Первая книга Арсения Тарковского «Перед снегом» сразу стала библиографической редкостью. Она вышла в свет в 1962 году, мне было 18 лет, а Арсению Тарковскому – 55, и я ещё не знал даже имени поэта. Лет через пять, когда я уже вовсю писал стихи, я отыскал эту книгу и с удовольствием поставил на свою поэтическую полку. Потом в моей библиотеке оказались все немногие его книги, в том числе здоровенный том «Избранное», который я купил в 1982 году в сельском магазинчике где-то в Хабаровском крае. В это время Арсений Тарковский был безусловно, точнее – беспрекословно признанным поэтом. Давнему «Избранному», привезённому из командировки, предшествовало предисловие, написанное критиком Сергеем Чуприниным – «Арсений Тарковский: путь и мир», где высоко оценивалось творчество поэта: «Казалось, что Тарковский так и пришёл в литературу – сложившимся мастером...» Здесь прозвучало хорошее слово – Тарковский и в самом деле был Мастером. В его личной «хрестоматии» десятки стихотворений, которые не только не устарели, но звучат так, как будто они написаны сегодня и навсегда.

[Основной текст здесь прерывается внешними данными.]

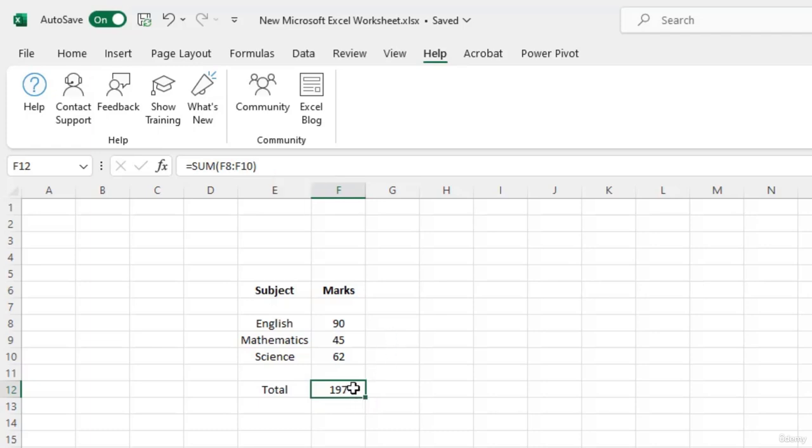You can also double click on the cell to display the formula. So you can see that both the formula bar and the cell show the same formula. Now if you want to edit the formula, you can do it either from the cell over here or you can go to the formula bar to perform the edits.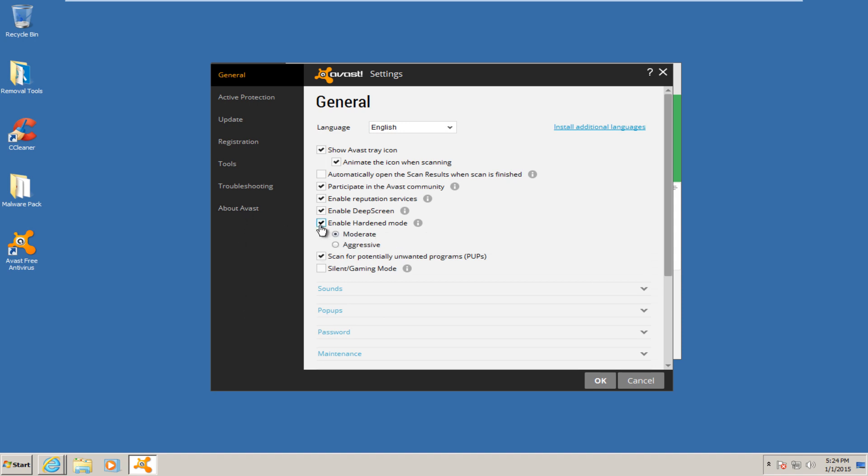And some of you may be wondering what hardened mode is at this point. Basically what hardened mode is, it's when inexperienced users can lock down the security of their computer. And if hardened mode is enabled, as we can see users can select between the aggressive mode, which will automatically block any items that have not been whitelisted in Avast file reputation database, and there's also a moderate mode which would allow files with a low reputation in Avast file reputation database.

Десятилетия своей жизни он посвятил переводам. Он написал об этом не без лукавства в знаменитом стихотворении «Переводчик»: «Для чего я лучшие годы Продал за чужие слова? Ах, восточные переводы, Как болит от вас голова».
От головной боли остались замечательные стихи Саят-Новы, Чаренца, Табидзе, Чиковани, вдохновенные строки арабского средневекового гения Абу-ль-Аля аль-Маари, которые вошли в русскую культуру на правах с оригинальными стихами Тарковского.
Арсений Александрович ходил прихрамывая. Мало кто знал, что он был покалечен на войне. Остался без ноги, ходил на протезе. Был он человеком непререкаемым, в разговоре не всегда любезным, даже нелицеприятным. Был способен сказать колкость, съязвить по ходу беседы. Но ему всё прощалось: он был человеком из давней легенды, был знаком с Мандельштамом, Цветаевой, Ахматовой... Рассказывали, как в начале 50-х годов прошлого века его пригласили в Кремль, предложили перевести юношеские стихи Сталина. Когда вокруг человека вьются такие мифы, это говорит о его уникальном месте в своей среде. Он и ощущал себя правопреемником великих, может быть, отсюда недоступность и жёсткий нрав:
Ни тьмы, ни смерти нет на этом свете.
Мы все уже на берегу морском,
И я из тех, кто выбирает сети,
Когда идёт бессмертье косяком.
Однажды мы вместе с мэтром выступали от бюро пропаганды. Это было в конце зимы, скорее всего, 1980 года. Я даже удивился, что такой крупный поэт, как Арсений Тарковский, выступает за те скромные деньги, которые платили писателям. Но, может быть, ему было важнее показаться на людях, услышать, как его стихи звучат с эстрады. На этот раз нам оформили путёвки на выступление в Текстильном институте и даже предоставили микроавтобус – «рафик». Отъезжали мы от ЦДЛ – Тарковский с женой, я и кто-то ещё из молодёжного окружения поэта. У меня тогда вышла книга под названием «Снежная книга», а у Тарковского тоже была в руках новая книга «Зимний день». Интересно, что обе книги были очень похожи – шрифтовое оформление, белоснежная обложка. Моя книга была заплетена в тонкий картон под глянцем, книга Тарковского – тоже глянцевая, но потоньше. Мэтр явно ревновал свою книгу к моей и – как-то неприязненно даже – несколько раз оглянулся на мой сборник. Поверьте, я ни в коем случае не пишу о себе, я просто вспоминаю, как реагировал Арсений Александрович на то, что так или иначе окружало в жизни.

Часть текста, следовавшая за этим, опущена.